We are in the midst of Red Flag June. On three consecutive session days, the Court has reversed old doctrine--and in the process, placed red precedential flags on many decisions. On Thursday, Bruen red-flagged dozens circuit decisions that followed the two-step approach for Second Amendment cases. On Friday, Dobbs red-flagged Roe, Casey, and countless other abortion cases. And today, Monday, Kennedy v. Beremerton School District red-flagged Lemon v. Kurtzman, and decades of precedents that relied on the infamous test.
Justice Gorsuch's majority opinion does not overrule Lemon in so many words, but the import of the ruling is clear--follow Town of Greece, not Lemon.
What the District and the Ninth Circuit overlooked, however, is that the "shortcomings" associated with this "ambitiou[s]," abstract, and ahistorical approach to the Establishment Clause became so "apparent" that this Court long ago abandoned Lemon and its endorsement test offshoot. American Legion; see also Town of Greece v. Galloway (2014) . . .
In place of Lemon and the endorsement test, this Court has instructed that the Establishment Clause must be interpreted by "'reference to historical practices and understandings.'" Town of Greece.
Justice Sotomayor's dissent states the issue directly:
Today's decision goes beyond merely misreading the record. The Court overrules Lemon v. Kurtzman, 403 U. S. 602 (1971), and calls into question decades of subsequent precedents that it deems "offshoot[s]" of that decision.

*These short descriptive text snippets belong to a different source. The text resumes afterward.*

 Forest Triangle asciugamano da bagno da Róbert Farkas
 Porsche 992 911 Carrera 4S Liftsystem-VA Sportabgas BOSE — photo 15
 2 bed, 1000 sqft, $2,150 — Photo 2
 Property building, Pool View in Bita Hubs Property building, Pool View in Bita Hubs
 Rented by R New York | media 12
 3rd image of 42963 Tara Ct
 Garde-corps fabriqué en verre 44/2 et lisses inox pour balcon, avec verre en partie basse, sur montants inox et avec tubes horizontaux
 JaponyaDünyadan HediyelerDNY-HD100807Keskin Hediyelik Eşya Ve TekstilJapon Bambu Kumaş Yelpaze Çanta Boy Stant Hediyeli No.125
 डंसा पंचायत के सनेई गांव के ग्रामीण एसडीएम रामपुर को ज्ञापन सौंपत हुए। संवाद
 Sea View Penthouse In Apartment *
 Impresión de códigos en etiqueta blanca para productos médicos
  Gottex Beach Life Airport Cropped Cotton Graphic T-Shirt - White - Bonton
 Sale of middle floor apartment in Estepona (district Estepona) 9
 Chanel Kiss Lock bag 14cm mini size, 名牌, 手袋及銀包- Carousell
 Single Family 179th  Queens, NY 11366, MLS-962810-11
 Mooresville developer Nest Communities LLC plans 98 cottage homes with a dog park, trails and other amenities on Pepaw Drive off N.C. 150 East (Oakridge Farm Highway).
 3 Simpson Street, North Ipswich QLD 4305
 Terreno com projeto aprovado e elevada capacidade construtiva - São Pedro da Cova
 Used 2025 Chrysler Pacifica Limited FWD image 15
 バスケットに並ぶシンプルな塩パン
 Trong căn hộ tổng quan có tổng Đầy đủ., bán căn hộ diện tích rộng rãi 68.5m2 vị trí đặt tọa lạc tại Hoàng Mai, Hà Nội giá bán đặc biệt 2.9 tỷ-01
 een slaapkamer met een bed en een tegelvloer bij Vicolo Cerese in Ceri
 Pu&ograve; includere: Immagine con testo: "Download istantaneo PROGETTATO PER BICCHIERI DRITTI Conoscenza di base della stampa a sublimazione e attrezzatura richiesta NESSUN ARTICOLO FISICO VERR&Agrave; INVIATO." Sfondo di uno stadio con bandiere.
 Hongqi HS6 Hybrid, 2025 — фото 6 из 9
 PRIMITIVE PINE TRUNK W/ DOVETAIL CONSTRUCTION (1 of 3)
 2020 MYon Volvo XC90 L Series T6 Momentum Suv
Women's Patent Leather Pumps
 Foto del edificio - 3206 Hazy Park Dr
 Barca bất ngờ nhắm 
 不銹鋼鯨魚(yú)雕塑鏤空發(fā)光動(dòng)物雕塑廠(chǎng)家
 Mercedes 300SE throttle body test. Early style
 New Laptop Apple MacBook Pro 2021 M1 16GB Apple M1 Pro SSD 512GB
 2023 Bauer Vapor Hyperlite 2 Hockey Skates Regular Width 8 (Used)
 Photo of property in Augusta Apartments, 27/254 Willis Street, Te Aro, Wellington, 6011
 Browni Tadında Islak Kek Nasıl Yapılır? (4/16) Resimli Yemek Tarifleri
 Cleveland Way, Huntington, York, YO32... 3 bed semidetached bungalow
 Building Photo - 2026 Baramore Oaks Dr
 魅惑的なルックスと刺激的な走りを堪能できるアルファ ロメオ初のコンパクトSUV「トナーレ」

Finally, at long last, Lemon has been interred. It is fitting to quote from Justice Scalia's Lamb's Chapel concurrence:
As to the Court's invocation of the Lemon test: Like some ghoul in a late night horror movie that repeatedly sits up in its grave and shuffles abroad, after being repeatedly killed and buried, Lemon stalks our Establishment Clause jurisprudence once again, frightening the little children and school attorneys of Center Moriches Union Free School District. Its most recent burial, only last Term, was, to be sure, not fully six feet under: our decision in Lee v. Weisman, conspicuously avoided using the supposed "test" but also declined the invitation to repudiate it. Over the years, however, no fewer than five of the currently sitting Justices have, in their own opinions, personally driven pencils through the creature's heart (the author of today's opinion repeatedly), and a sixth has joined an opinion doing so. The secret of the Lemon test's survival, I think, is that it is so easy to kill. It is there to scare us (and our audience) when we wish it to do so, but we can command it to return to the tomb at will. See, e.g., Lynch v. Donnelly (1984). When we wish to strike down a practice it forbids, we invoke it, see, e. g., Aguilar v. Felton, (1985); when we wish to uphold a practice it forbids, we ignore it entirely, see Marsh v. Chambers (1983). Sometimes, we take a middle course, calling its three prongs "no more than helpful signposts," Hunt v. McNair (1973). Such a docile and useful monster is worth keeping around, at least in a somnolent state; one never knows when one might need him.
Justice Gorsuch has stabbed the final pencil into the Lemon Test.
I have to imagine Justice Scalia is smiling from up high.